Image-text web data
--- START ---
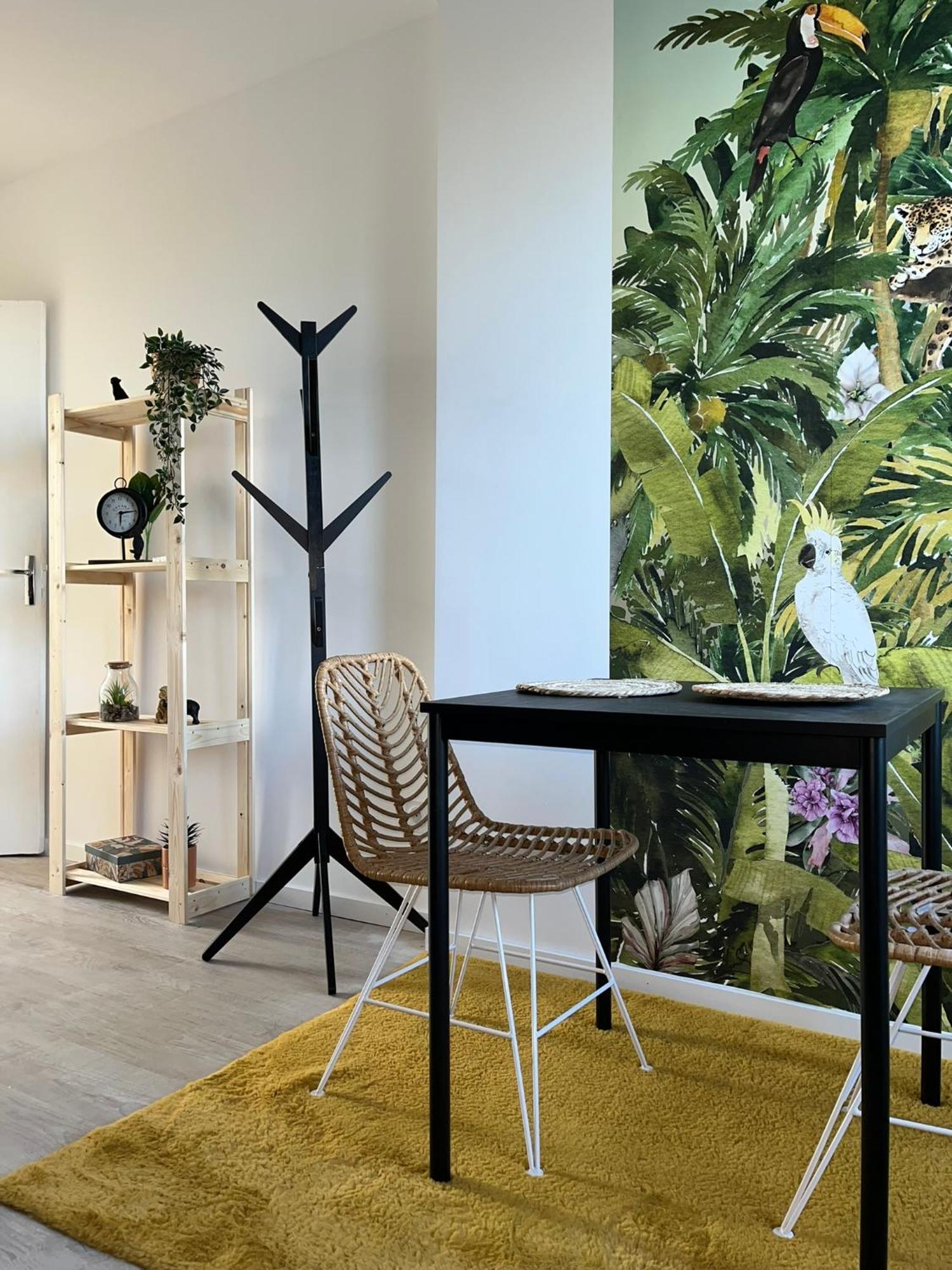 Studio Tropical , Vierzon , Proche Gare , Tout Confort Exteriér fotografie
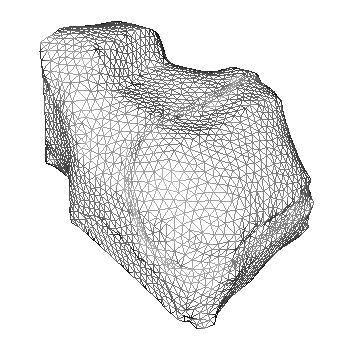 Figure 4. Face mesh after 10000 iterations Figure 5.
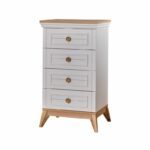 Alegra Xmas Offer - Image 2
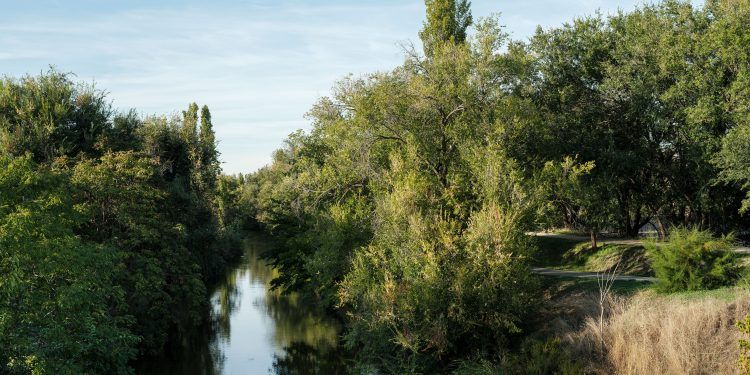 Madrid presenta su Bosque Metropolitano como «la mejor herramienta para luchar contra el cambio climático, la desertificación y la contaminación»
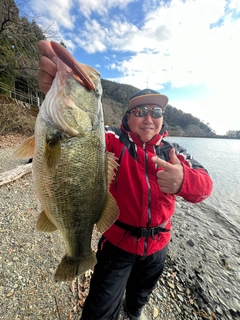 ラージマウスバスの釣果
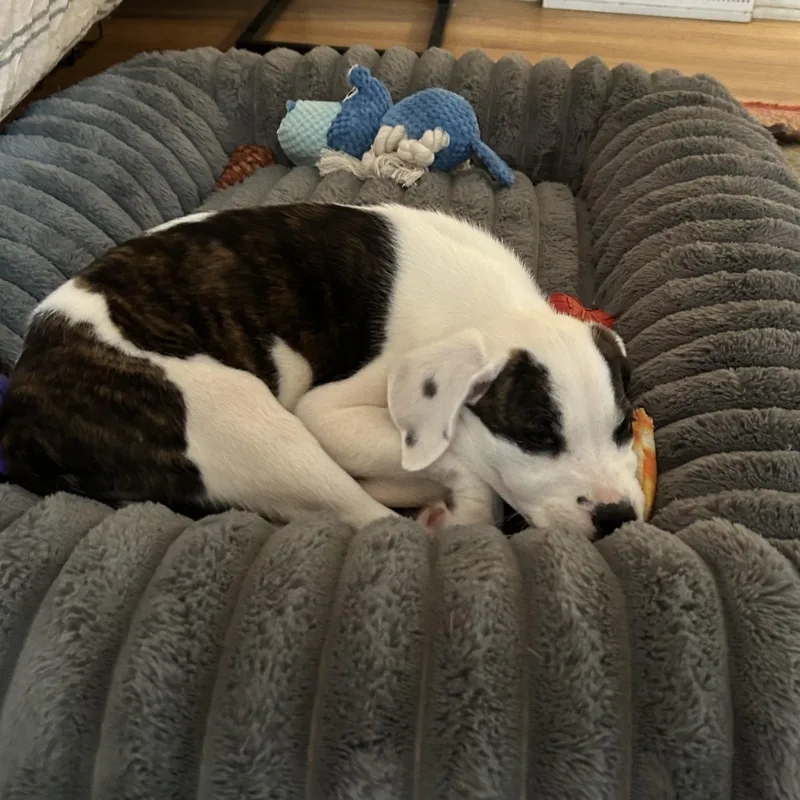 Cherry Blossom thumbnail 3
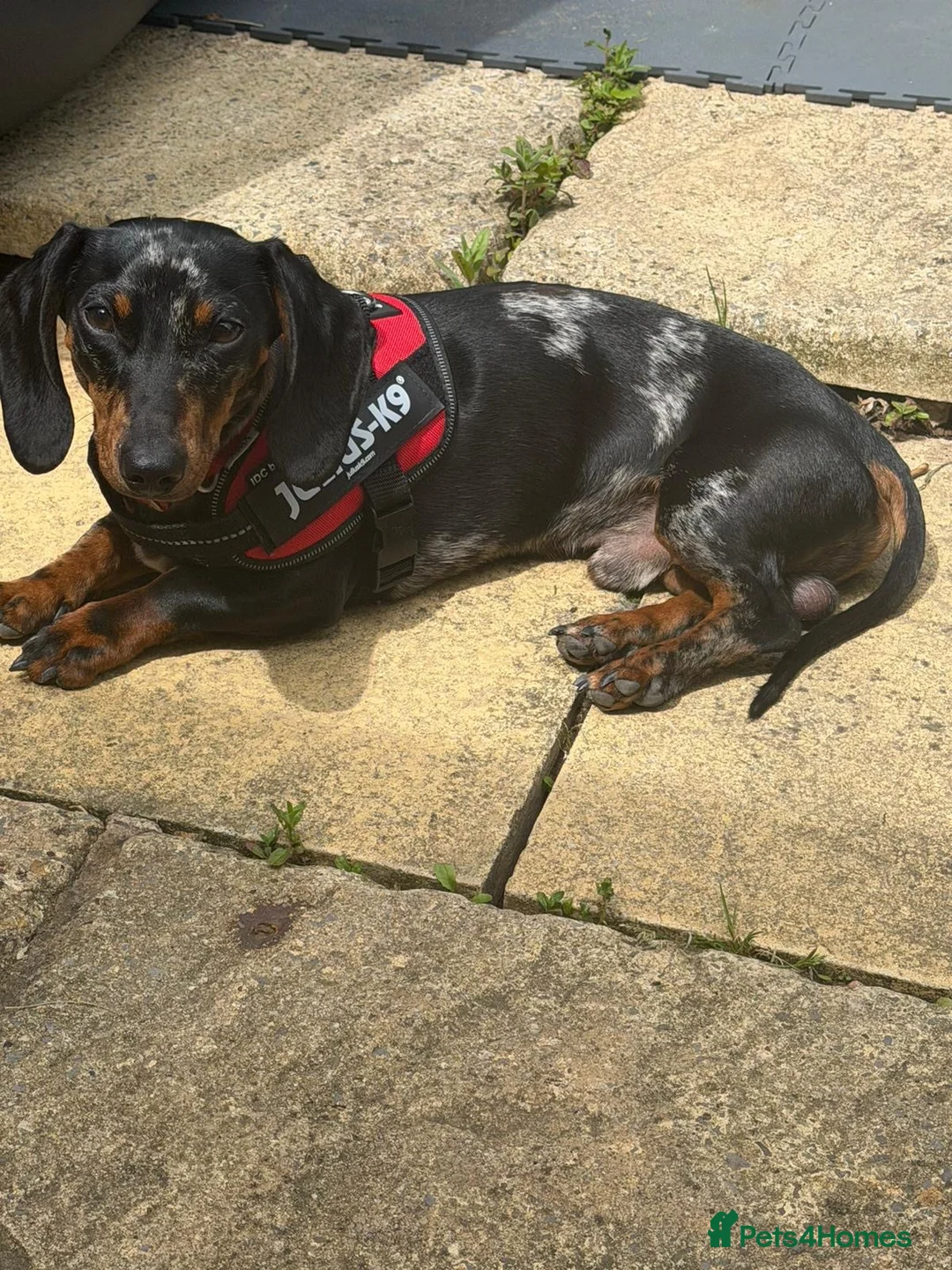 Miniature Dachshund dogs for stud: Lucifer  - Advert 1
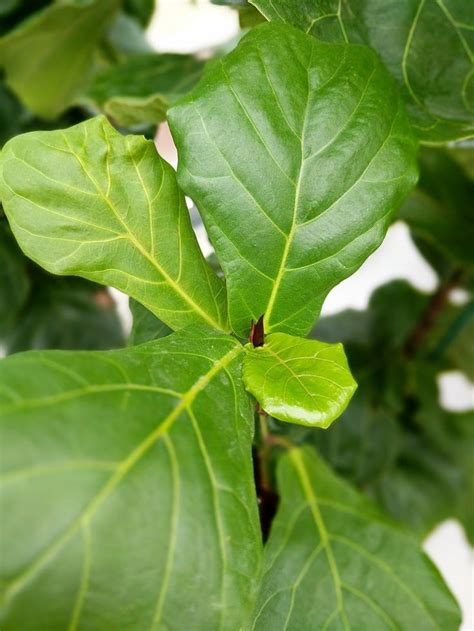 Is Your Fiddle Leaf Fig Overwatered Or Underwatered — Plant Care Tips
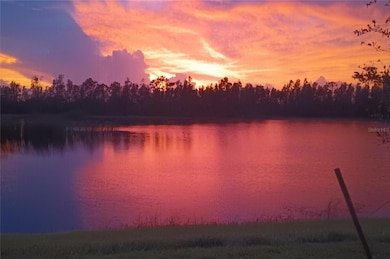 Your light show every evening.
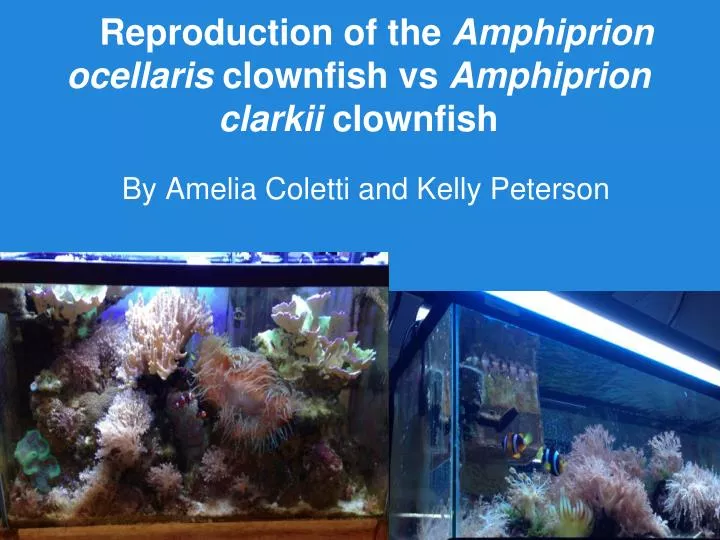 reproduction of the amphiprion ocellaris clownfish vs amphiprion clarkii clownfish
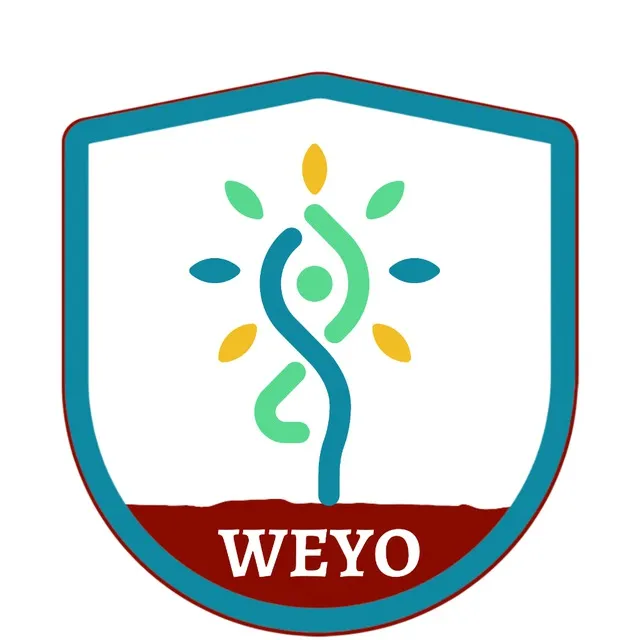 CÔNG TY CỔ PHẦN TƯ VẤN VÀ ĐẦU TƯ WEYO
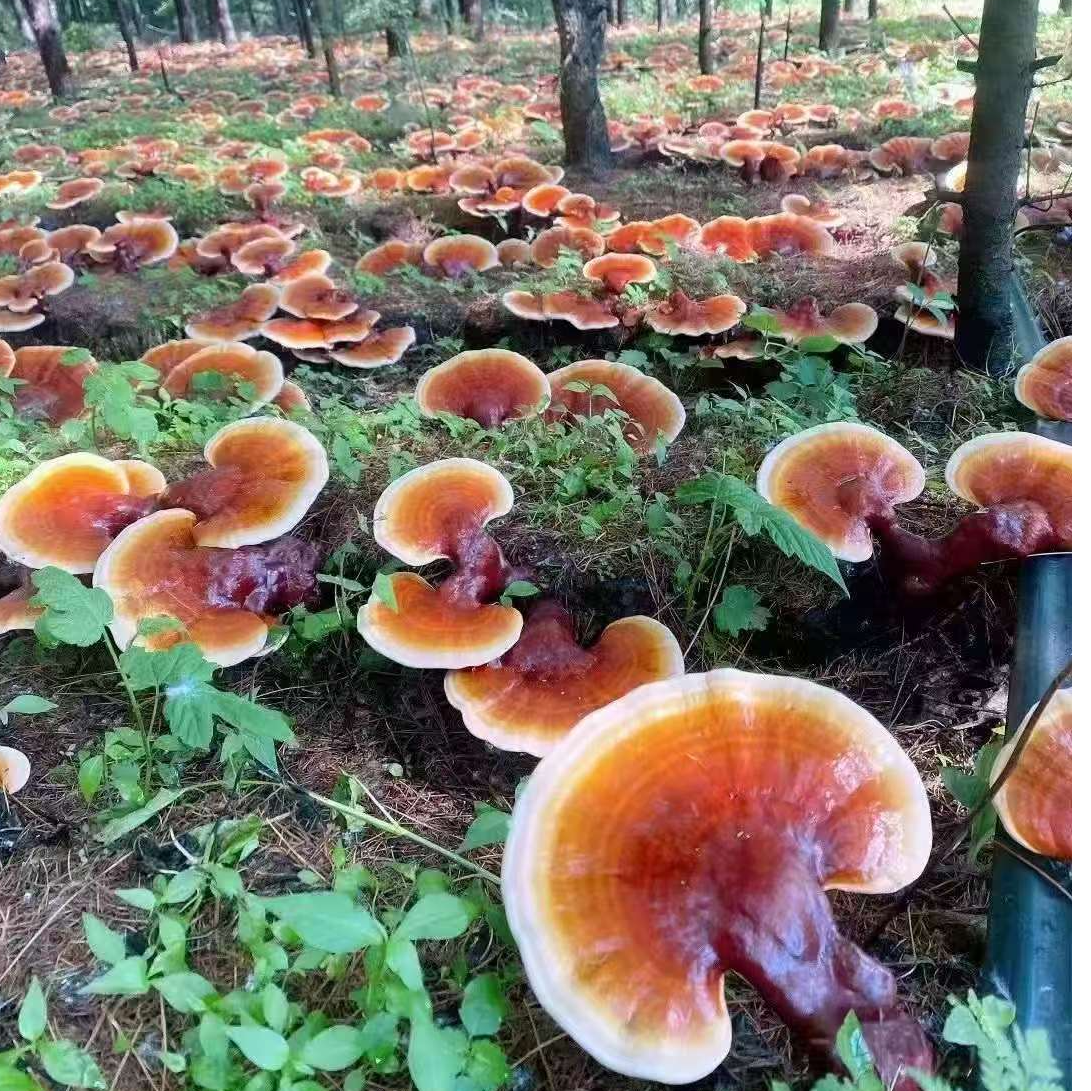 东葵长白山深山松杉灵芝 珍贵滋补佳品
--- END ---
*What the task asks*:
Above are some records; quote exactly and only the lines that begin at the line containing "Figure 4. Face" and stop after the line containing "ラージマウスバスの釣果", leaving out the pictures.

*Answer to the exercise*:
 Figure 4. Face mesh after 10000 iterations Figure 5.
 Alegra Xmas Offer - Image 2
 Madrid presenta su Bosque Metropolitano como «la mejor herramienta para luchar contra el cambio climático, la desertificación y la contaminación»
 ラージマウスバスの釣果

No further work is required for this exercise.